Il faut reconnaître que la pension presque doublée depuis 2014 a transformé la vie de milliers de personnes. Comment est-elle dépensée? Injectée dans le circuit économique, bien entendu. Elle s’évapore vite dans la caisse commune en signe de solidarité dans les milieux précaires.

Lorsque les pensionnaires ne sont pas infantilisés par les autres de leur famille afin de mieux abuser de leur générosité, ils sont libres de s’organiser et de sortir, et aussi de se permettre le loisir d’un séjour dans les centres principalement conçus pour eux ou d’une escapade à Rodrigues comme premier voyage.

Dans l’ensemble, on vieillit mieux de nos jours que dans les années 80. Double pension pour ceux issus des milieux aisés. Certains ont quitté leur poste ici et ailleurs pour une retraite anticipée et se consacrent à d’autres intérêts, la lecture, yoga, zumba, sports divers, nouvelles études et voyages pour se diriger vers des cieux lointains. Leur devise est : toucher moins en retraite et vivre mieux.

Et c’est ainsi qu’autour d’une table ronde bien garnie de chinoiseries dans un restaurant à Port-Louis, en compagnie de belles personnes que sont les anciennes du QEC, que nous discutions des choses et d’autres. On apprend que depuis plus d’une décennie, la mode Super Nanny version loisirs et voyages s’est bien enracinée dans le mode de vie local comme dans les grands pays. L’Angleterre, la France, la Belgique, l’Allemagne, le Canada et l’Australie sont les destinations où les veinardes passent deux mois auprès de leurs filles et les petits-enfants.

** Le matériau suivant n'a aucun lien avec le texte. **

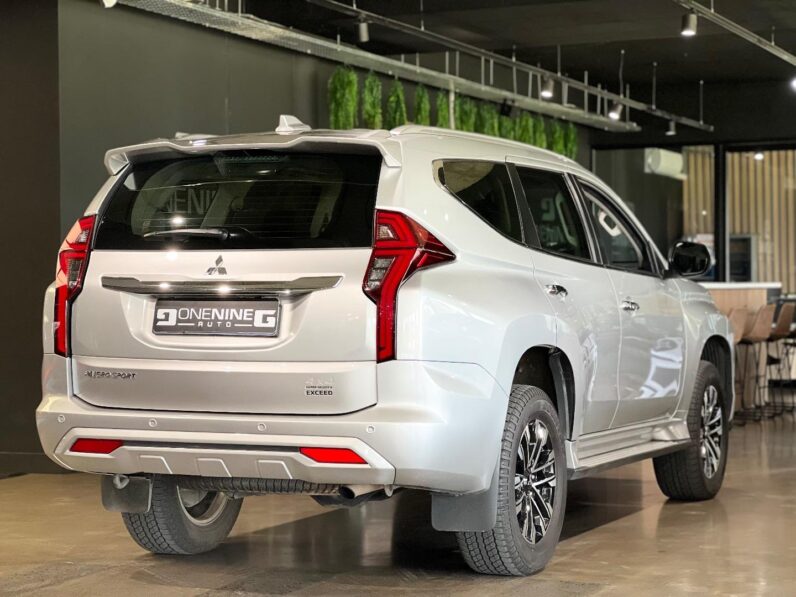 
								2022 Mitsubishi Pajero Sport 2.4DI-D 4×4 Exceed full									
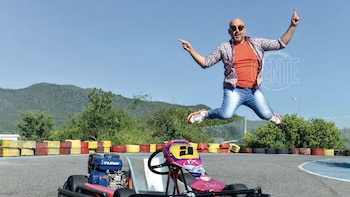 José María Muscari desde Mar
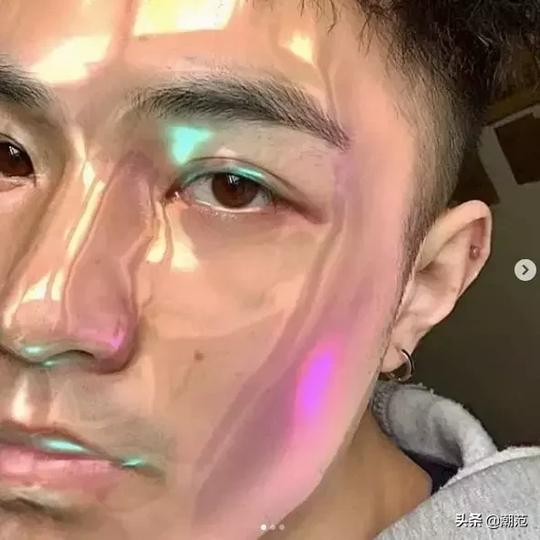抖音爆款i这款滤镜居然被说像“猪刚鬣”？还不来瞧瞧？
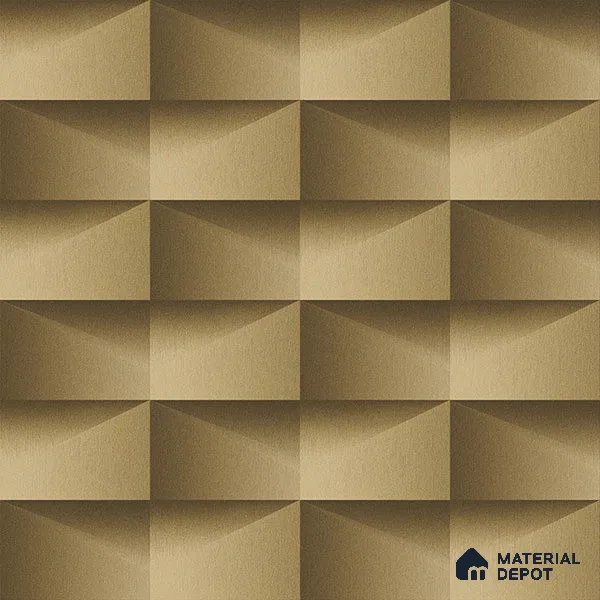 ST021086 | 10.05 Meter x 20.86 Inches Geometric Look Wallpaper - 57.33 Sq. Ft. | Minimum 15% wastage during installation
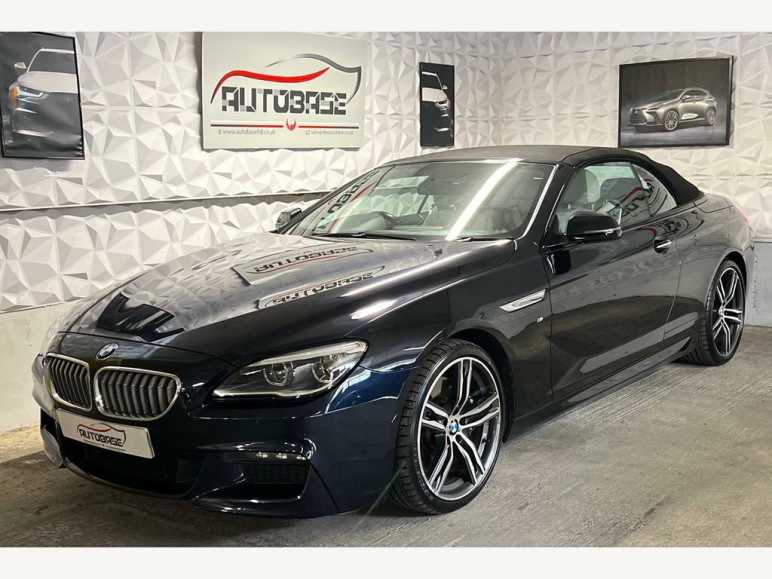 650I M SPORT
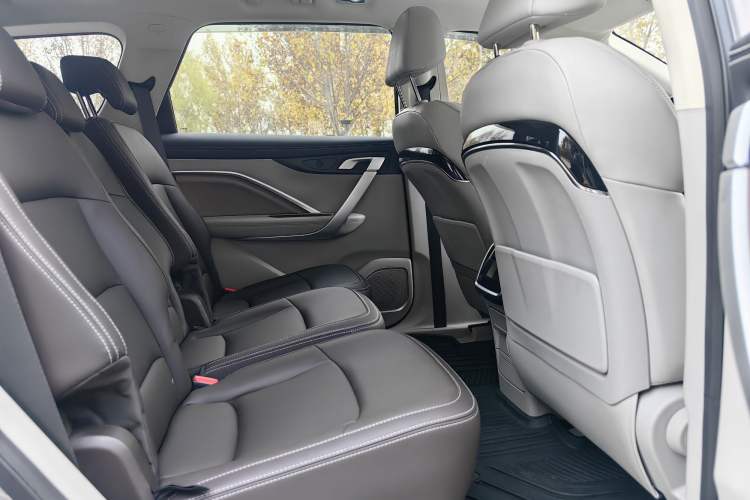 Used Geely Auto Jiajie New Energy 2021 ePro 1.5TD PHEV Comfort Edition Interior 4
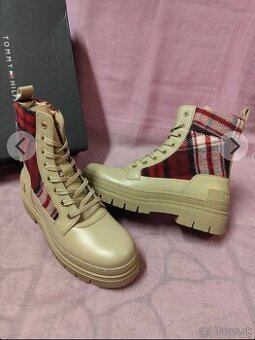 Tommy Hilfiger - nové, veľkosť 38
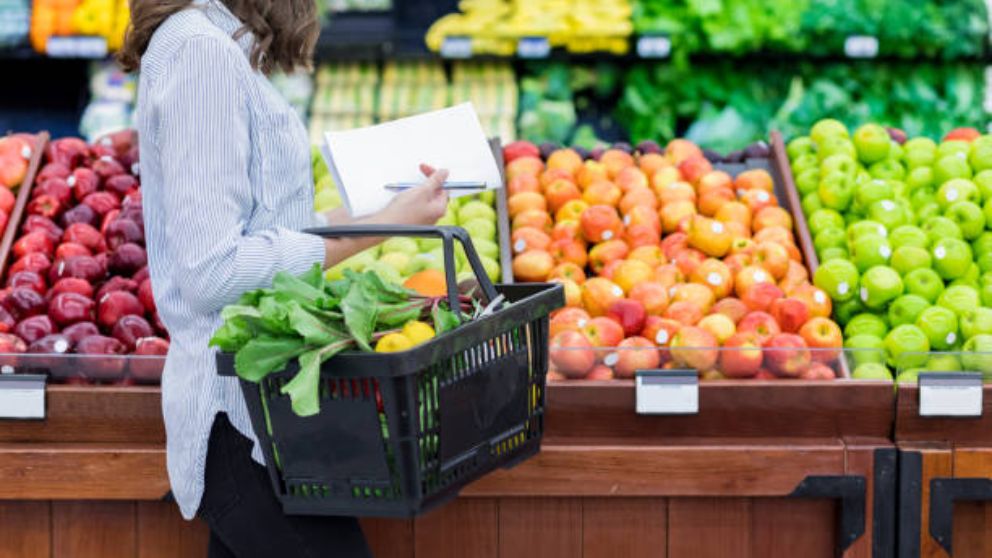 Como Hacer La Compra Semanal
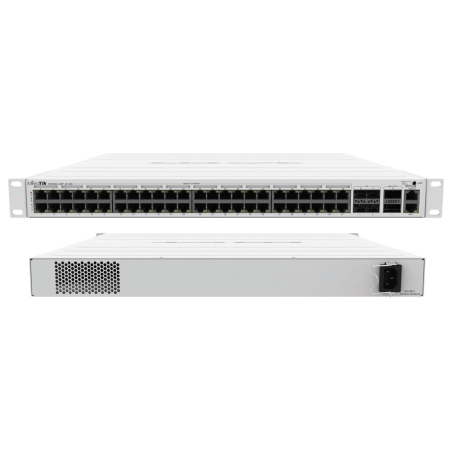 Mikrotik L5 48x 1GbE Rack mount SW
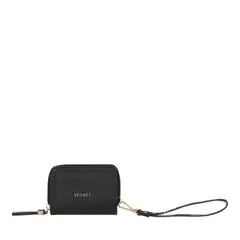 SECRET - Billetera Vostok ST6 S Negro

– Hé, ne nous leurrons pas. Nos filles ont besoin de nous pour faire la nounou ! lance Ah-Moy, espiègle, joyeuse et pleine de vie depuis que nous la connaissons.

Et alors ? C’est bien de bouger de son patelin de temps à autre, non ? C’est aussi l’entraide et la solidarité familiale qui perdurent comme en Occident, contrairement à ce que l’on croit. Profitons du temps présent. Carpe diem !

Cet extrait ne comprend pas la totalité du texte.